I like reading novels that use words like interstices. English is such a rich and vast language that we can never hope to taste all of it, but the effort of trying to will make it worthwhile and enrich us. It’s hard to imagine any editor of commercial or genre fiction (much less any agent) who would allow a word like “interstices” to remain in a novel submitted today. (The Philosopher’s Pupil was published in the 1980s — not so long ago.) We seem to live in an age where most fiction is dumbed down by things like The Elements of Style and every popular writer’s list of rules for writing.

I suppose there is far more sanctuary for good writing than I imagine, and I suppose that plenty of it is still being produced. And I’m grateful for it.

It’s not showing off if you’re good

July 18, 2009

I remember reading long ago that those who read exclusively for plot are something like those who can only enjoy very spicy foods. Hot plots and spices can certainly deliver, but there are all sorts of satisfying subtleties that can be missed as a result.

I’ve been seeing some discussion in some blogs lately by writers who disdain “Literature,” saying that writers of this type of fiction are just “showing off,” that such writing is too difficult to understand, and, sadly, that literature often lacks plot. These dismissals seem to be unfair generalizations (just as my observation of them may be), but I’ve seen each of these stated recently by people who profess to the craft of writing.

I’m not sure of the reasons for such complaints. Are these disdainful writers secretly jealous that another writer is getting accolades for writing “Literature”? Do these writers really not see that there is more substance or a different level of work in a piece of “Literature” than in much genre or commercial writing? Do these writers chafe at the implied challenge (“You too can strive to work your craft this way!”) that Literature makes?
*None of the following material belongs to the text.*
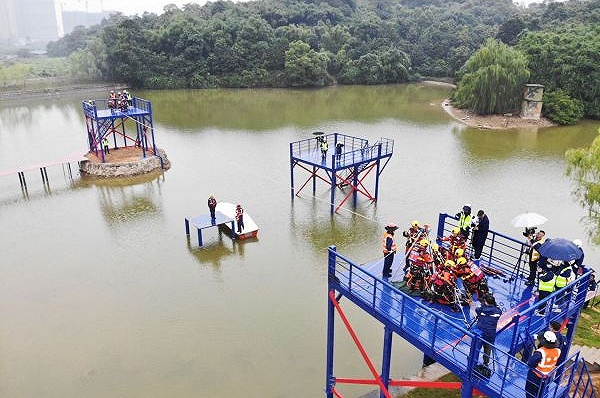 消防指战员正在进行河中沙洲救援比武。图片来源：福建省森林消防总队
In any case, we wouldn’t generally make such disdainful judgments about high achievement in other endeavors. You may be able to play the piano perfectly well for your own pleasure and for sing-alongs with friends, but this doesn’t mean you would say that a concert pianist is merely “showing off” or that the Rach 3 is simply too difficult. The same is the case in sports. You may enjoy a pick-up game of basketball with friends, but you’re not going to disdain someone like Michael Jordan who has the good fortune (and the drive) to play the game at another level.

Harold Bloom talks about Literature being one of the “difficult pleasures” we strive to enjoy. Sometimes it takes work, but the payoff can be immense. Such writing is not inaccessible, but it will demand more effort than the easier pleasure of easier fiction will require. There has been much debate about this high reading standard that Bloom sets, but few dismiss it altogether. Big-L Literature does have its value.
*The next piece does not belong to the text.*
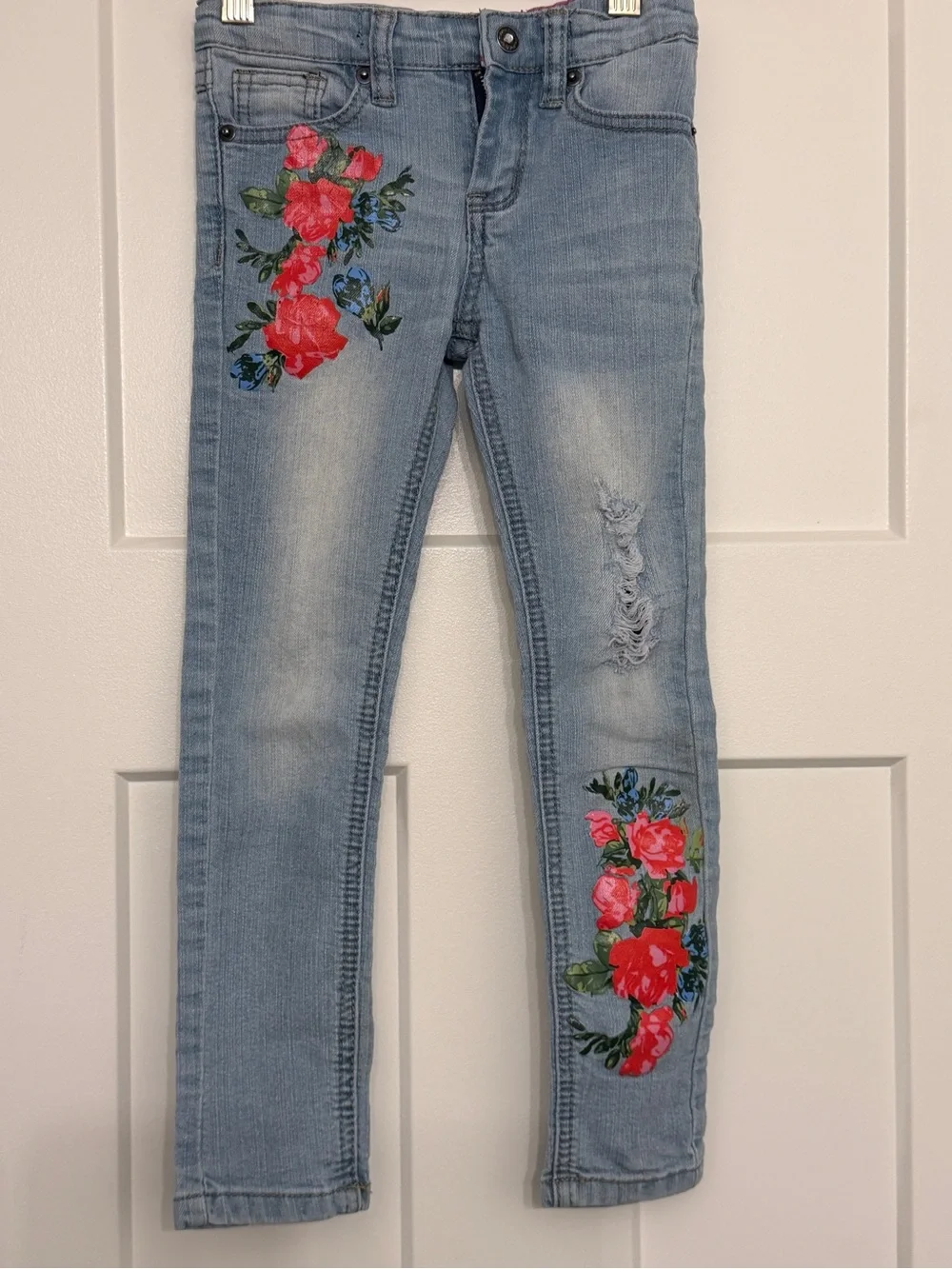 Betsey Johnson Girls Floral Rose Painted Jeans Size 5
And if such literary writing really is showing off, then what of it? I’d much rather wander through a world of books knowing there is the flash of Tom Wolfe or the immensity of Thomas Wolfe or the depth of Herman Melville or the philosphy of Iris Murdoch or the deadly serious┬áplayfulness of Philip Roth than to think only spicy reading will be served. We really don’t need to be taking pot shots at each other. All writing is good in some way or another.